TWO REALITIES

Exploring the curatorial translations between the physical and virtual

Professional: Mead Art Museum 
Spring 2022
Mentor: Lisa Crossman 

The exhibition Two Realities foregrounds Argentinian-born, U.S-based artist Liliana Porter’s decades-long consideration of two realities—virtual reality (a depiction of a thing) and experienced reality (the real thing). By looking at Porter’s methods of assembling objects and recontextualizing them across physical and digital enviornments, our curatorial inquiries ask how representation further changes when her artworks and process materials are translated into digital renderings and interactive interfaces. We aimed to examine how the curatorial process itself is transformed, challenged, and enriched by new modes of encountering art and sought to understand how the curator’s role evolves with it. Shifting from staging objects in a gallery to orchestrating layered experiences across multiple media, we investigated how curatorial discourse expands expontentionally to redefine the possibilities of representation, engagement, and narrative construction for artworks and audiences.

I worked closely with head curator Lisa Crossman to conceptualize, research, and execute digital and physical exhibition spaces. My role centered on establishing interpretive frameworks that would generate productive tensions between physical and digital manifestations of Porter’s artistic practice. Through systematic documentation and digitization of Porter’s archival materials—including videos, journals, and process drawings—I created thematic repositories that served as generative starting points for student projects in Professor Niko Vicario’s corresponding Art History seminar  “Curating between the Virtual and the Physical: Liliana Porter”. 






Collecting Process Materials

During the exhibition’s initial research phase, the curatorial director and I visited Liliana Porter’s studio to identify and collect potential source materials—objects, images, video binders, and preliminary sketches—that would serve as conceptual building blocks for both digital and in-gallery interpretive activities. This firsthand engagement with the artist’s workspace enabled us to observe the materiality of her objects and her processes, ensuring that the curatorial strategies we devised were rooted in the authentic textures and narrative underpinnings of her practice.

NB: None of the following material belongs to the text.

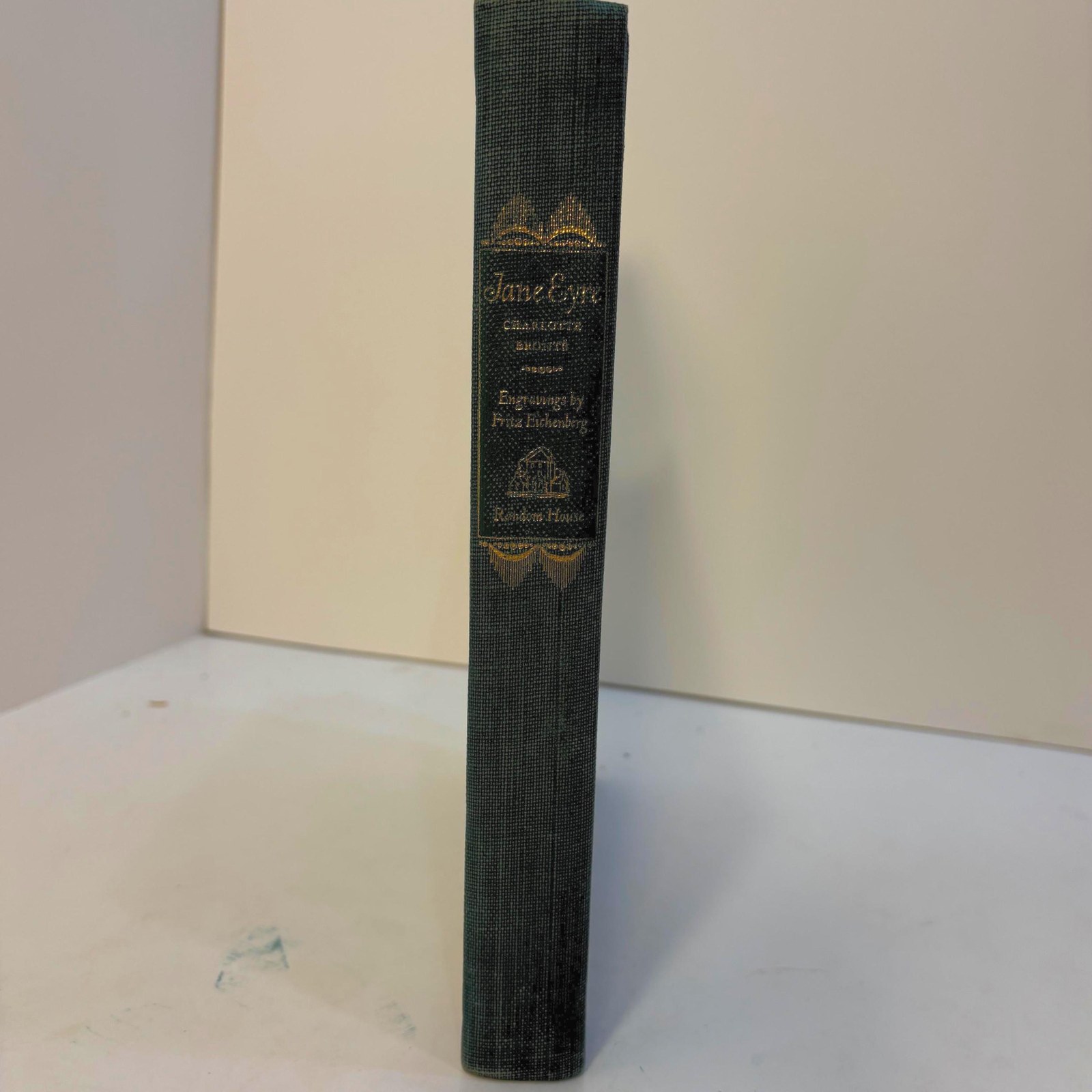 Jane Eyre With Wood Engravings by Fritz Eichenberg — photograph 4.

From these primary encounters, we distilled thematic clusters and frameworks that could subsequently inform the structure of the students’ online curatorial endeavors. In doing so, we recognized that  the digital interface and the gallery’s designated process room each required distinct but interrelated approaches to meaning-making. 

While the online platform would invite broader public interaction, encouraging users to navigate and recombine materials into personalized interpretive paths, the physical process room would provide a tangible counterpart, allowing visitors to engage intimately with photographs, notes, and other traces of Porter’s creative mind.






Spectrums of Inquiry 

I see curation as a dynamic and interpretive act of translation—one that moves from an originating artistic practice through multiple layers of thematic inquiry to generate new fields of meaning. Rather than being a linear or static procedure, curation is positioned here as a prism, refracting a single source of inspiration into a multiplicity of interpretive strands and subsequent creative explorations.

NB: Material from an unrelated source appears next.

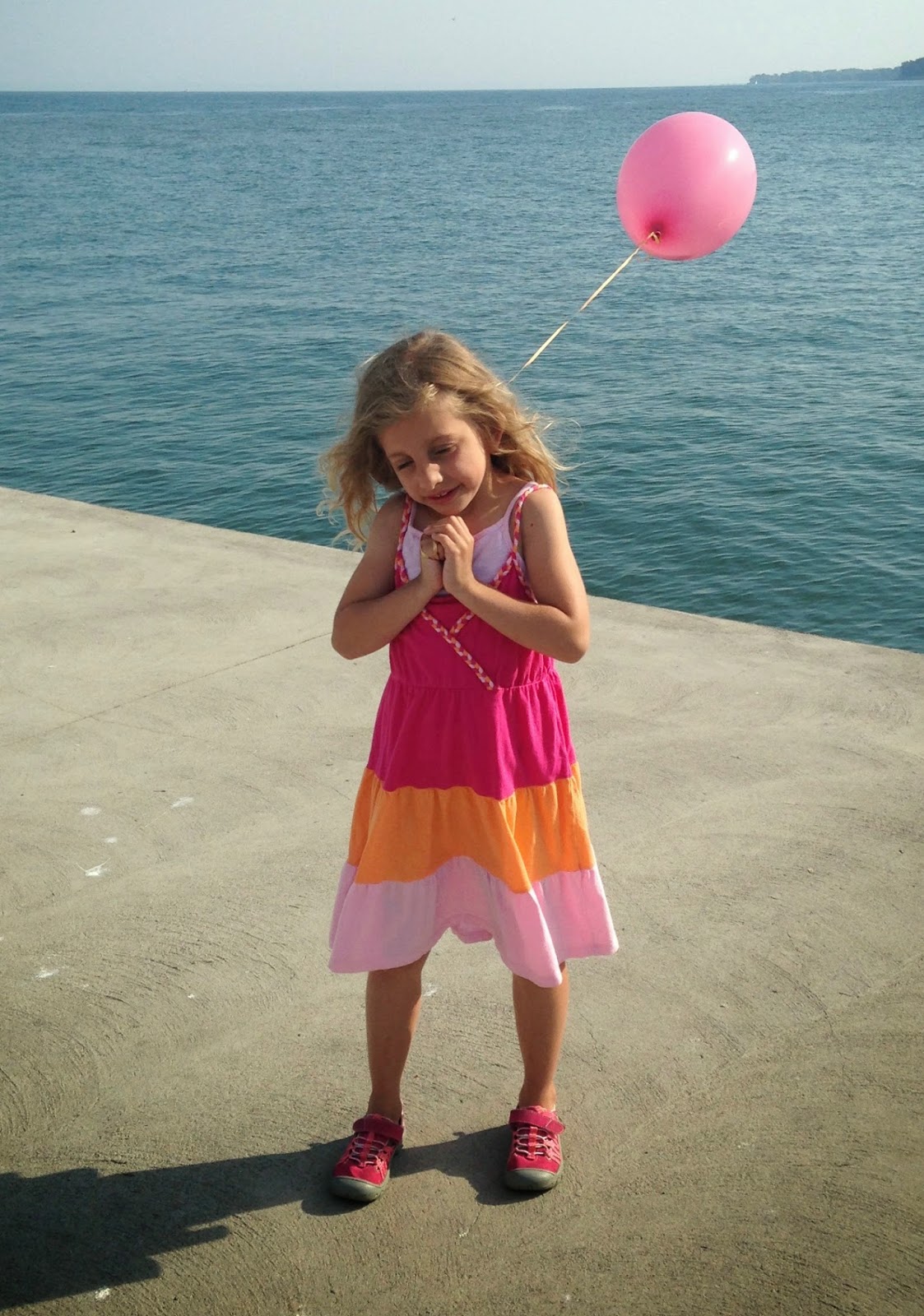 girl-with-balloon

The diagram introduces a prism-like element which represents the curatorial frameworks or conceptual apparatus through which Porter’s artworks were analyzed, dissected, and understood. As light is refracted, the curator’s engagement with the artist’s practice yields a set of emergent themes.

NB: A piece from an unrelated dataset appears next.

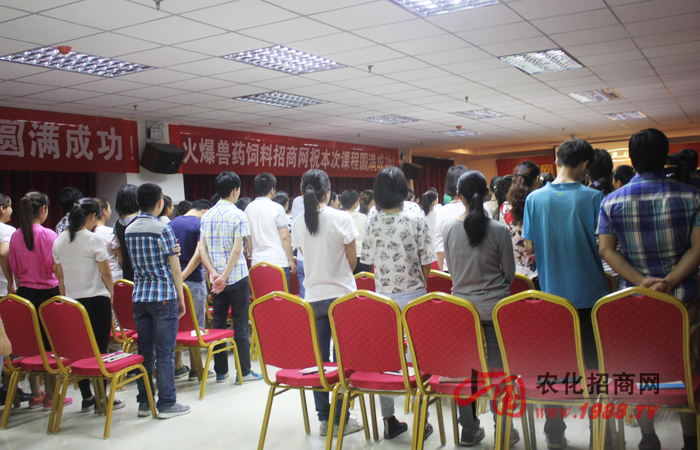 向目標(biāo)邁進(jìn)的路上,要敢于向打擊者說(shuō)“不”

From these distilled themes, the diagram extends outward to multiple student projects. These curatorial projects respond to, elaborate upon, and test the themes in practice. Each can be seen as a further interpretive gesture—either affirming, challenging, or expanding the conceptual territory outlined by the curator.

Finally, emanating from the student projects, new questions and secondary themes emerge. This last stage emphasizes the iterative nature of the curatorial process, which does not end with the student’s proposed exhibitions; rather, it refracts further to expand the curatorial discourse, prompting reassessment, refinement, and sometimes a complete re-envisioning of prior interpretations.